QUOTES INCLUDE IN THE DESCRIPTION

This list of the documents listed by the applicant has been generated automatically and is included solely for the better information of the reader. The list is not part of the German patent or utility model application. The DPMA assumes no liability for any errors or omissions.

Cited patent literature

• CN 1070374 [0002]
• WO 2009156648 [0003]
• US 20110190464 [0003]
• DE 2805702 [0006]
• CN 1355161 [0006]
• DE 3423443 [0006]
• EP 0534666 A [0006]
• CA 795814 [0006]
• US 6194530 [0006]
• EP 1924547 [0007]
• EP 2162423 [0007]
• EP 2294048 [0007]
• DE 102010000945 [0007]
• BR 20007000631 [0008]
• US 20100216958 [0008]
• WO 2009076480 [0008]
• WO 2009008756 [0008]

Cited non-patent literature

• Tuliao Gongye (1985), 87, 13-16 [0002]
• Khimicheskaya Promyshlennost (1967), 43, 258-60 [0002]
• Nature (2008), 451, 86-89 [0008]
• ASTM D6866 [0010]
• ASTM D7026 [0010]
• Stickler, M. and Rhein, T. 2000. Polymethacrylates.
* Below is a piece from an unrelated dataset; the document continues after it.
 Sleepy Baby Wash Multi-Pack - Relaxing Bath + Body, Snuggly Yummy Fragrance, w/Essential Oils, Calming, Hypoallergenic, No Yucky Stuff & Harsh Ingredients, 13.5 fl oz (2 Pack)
Ullmann's Encyclopedia of Industrial Chemistry [0011]
• DIN ISO 6271 [0018]
• W. Huber: Titrations in Nonaqueous Solvents, 1964, Akademische Verlagsgesellschaft, Frankfurt am Main [0019]
• L. Safarik and Z. Stransky: Titrimetic Analysis in Organic Solvents, Volume XXII of Wilson and Wilson's Comprehensive [0019]
• Analytic Chemistry, Elsevier-Verlag, Amsterdam, 1986 [0019]
• DIN EN ISO 11357 [0020]
• DIN EN ISO 1522 [0024]
• DIN EN ISO 2409 [0024]
• DIN EN 50101 [0028]
• DIN 67530 [0029]

Claims (9)

Monomeric mixture of isoamylmethacrylates whose isomeric mixture of the isoamyl alcohol component of the isomeric composition corresponds to an isoamyl alcohol obtained from a renewable source of raw material. Monomer mixture according to claim 1, characterized in that the isomer ratio of the isoamyl alcohol 3-methylbutanol to 2-methylbutanol is 60:40 to 90:10. Monomer mixture according to claim 1, characterized in that the C content at 0.5 × 10 ^-10 % to 0.7 × 10 ^-10 % based on the total carbon content. A process for preparing a monomer mixture according to claim 1, characterized in that a lower methacrylate is transesterified with the corresponding isoamyl alcohol isomer mixture. A process for the preparation of a mixture according to claim 1, characterized in that the transesterification is carried out by means of homogeneous catalysis. A process for preparing a mixture according to claim 1, characterized in that the transesterification is carried out by means of heterogeneous catalysis. A process for the preparation of a mixture according to claim 1, characterized in that the transesterification is carried out continuously. Use of a monomer mixture according to claim 1 for the preparation of copolymers by copolymerization with vinylic comonomers, which are suitable for copolymerization with this monomer mixture. Copolymers containing, as comonomer component, isomers of isoamyl methacrylate whose isomer ratio of 3-methylbutyl methacrylate to 2-methylbutyl methacrylate is 60:40 to 90:10.